This coming week, our worship theme is “rejoice and be glad,” as we look at the beatitudes that begin Jesus’s sermon on the mount (Matt 5:1-12). While the passage is surely a beloved one, it can also be difficult. For who feels blessed in the midst of grief, or harassment, or longing for something better than the latest news report? Indeed, the command to “rejoice and be glad” applies to the situation “when people…speak all kinds of bad and false things about you.” I’d venture there are few of us whose first response to false criticism is elation. Still, perhaps we can imagine God rejoicing when the righteous path, the honest path, the harder path is clung to. 

On Tuesday’s Morning Edition from NPR, Steve Inskeep interviewed diplomat and policymaker Richard Haass on his new book, The Bill of Obligations: The Ten Habits of Good Citizens. Haass has worked within the executive branch under both Republicans and Democrats, and shared in the interview his growing concern for US democracy and its ability to function peacefully and productively. And so in his book, he offers ten obligations, things we needn’t do, but ought to do, in order to preserve a more perfect union.

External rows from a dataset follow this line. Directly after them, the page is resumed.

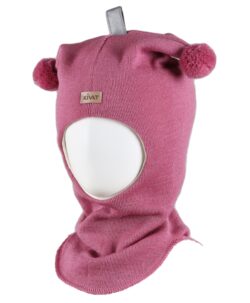 Varm og vindtett balaclava med to dusker, refleks på toppen og logo fra finske Kivat. Luen er strikket i 100% fin ull og foret med GOTS- sertifisert økologisk bomull. Luen har ekstra padding rundt ører og panne og ekstra refleks på toppen. Dette er en lue som du kan føle deg trygg på at barnet ikke blir kald i. Luen er slitesterk og kan fint kan gå i arv og varme flere. Laget i Finland.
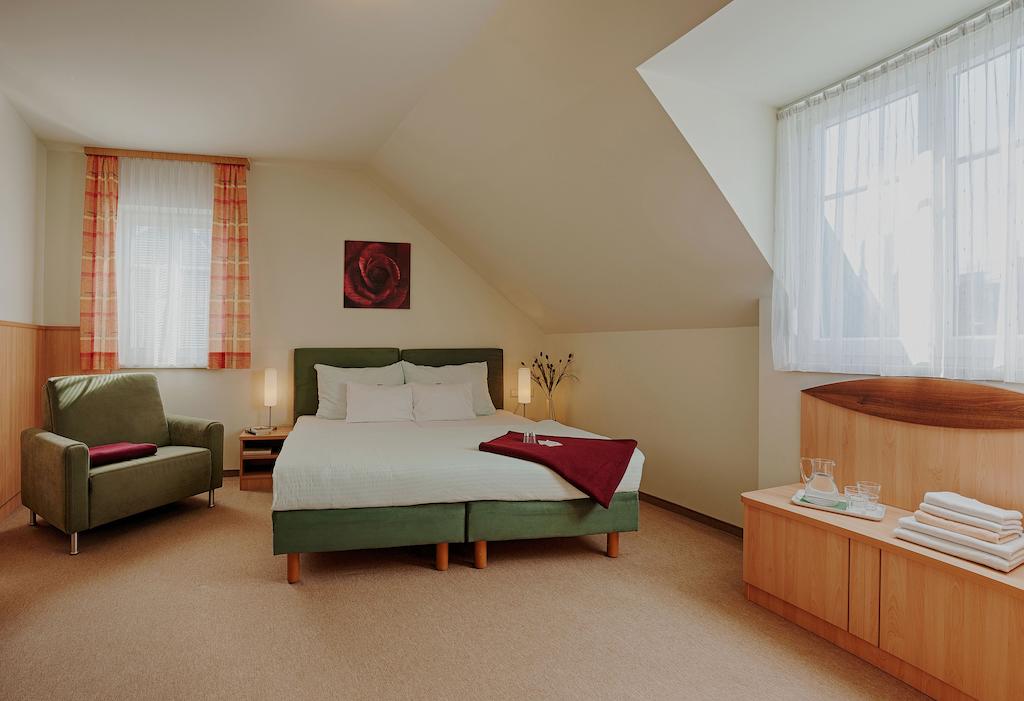 PENSION KASPER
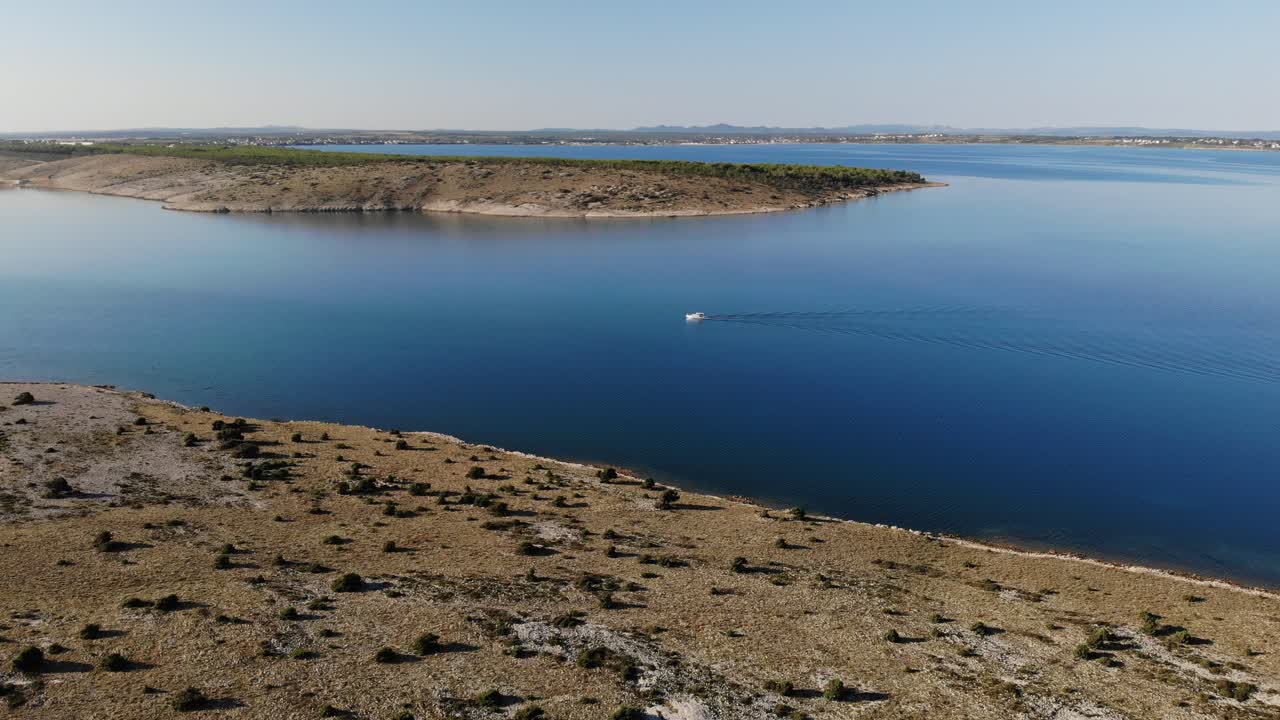 pequeño bote blanco que viaja en un mar azul
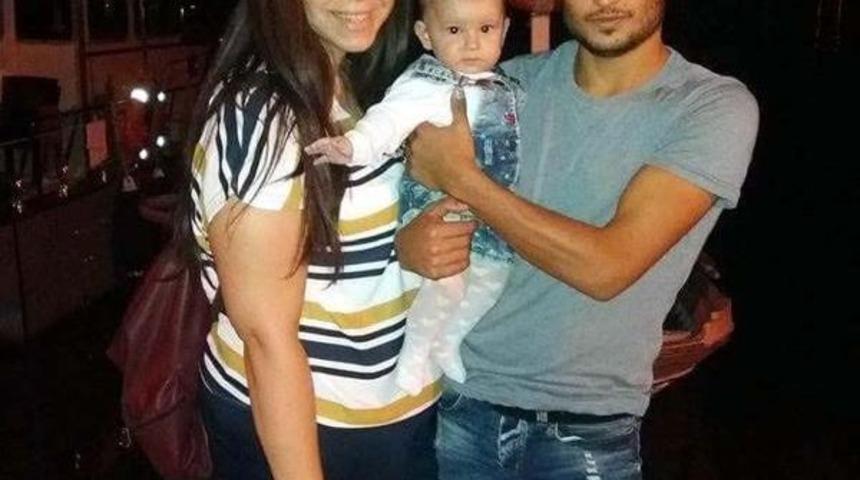 Yangında Balkonda Kalan Anne Ve Bebeği Kurtarıldı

Among the list are things like “be informed,” “stay involved,” “promote the common good” and, finally, “put country first.” Interestingly, under that last section, Haass spoke primarily about integrity both among those who hold public office, as well as those who vote the officials in. Haass comments: 

“At some point, we need character—what the founders of this country called virtue—in our political leaders. I’m not sitting here naive; I don’t expect a lot of these people we see in public life to simply become virtuous and put the country before their own political ambitions, but that’s then up to us voters. Politicians…may not be responsible, but they are responsive, so we as voters, we as citizens, have to reward good behaviors, and we have to penalize behaviors where elected officials are acting badly.” 

“Amen!” I said, as I finished washing the dishes. Righteousness, integrity, is something that needs to cut both ways. But of course, it’s harder than it looks. How quickly does righteousness slip into self-righteousness when untempered by the meekness and humility also praised in the beatitudes? How much more difficult to remain a pure-of-heart peacemaker when we enter the raucous public square?

Still, it is the pathway onto which God’s children are called. The lectionary rightly pairs Matthew’s beatitudes with Micah’s most well-known refrain: “and what does the Lord require of you? But to do justice, love mercy, and walk humbly with your God?” May we be so blessed, and even rejoice, as we again take up this journey.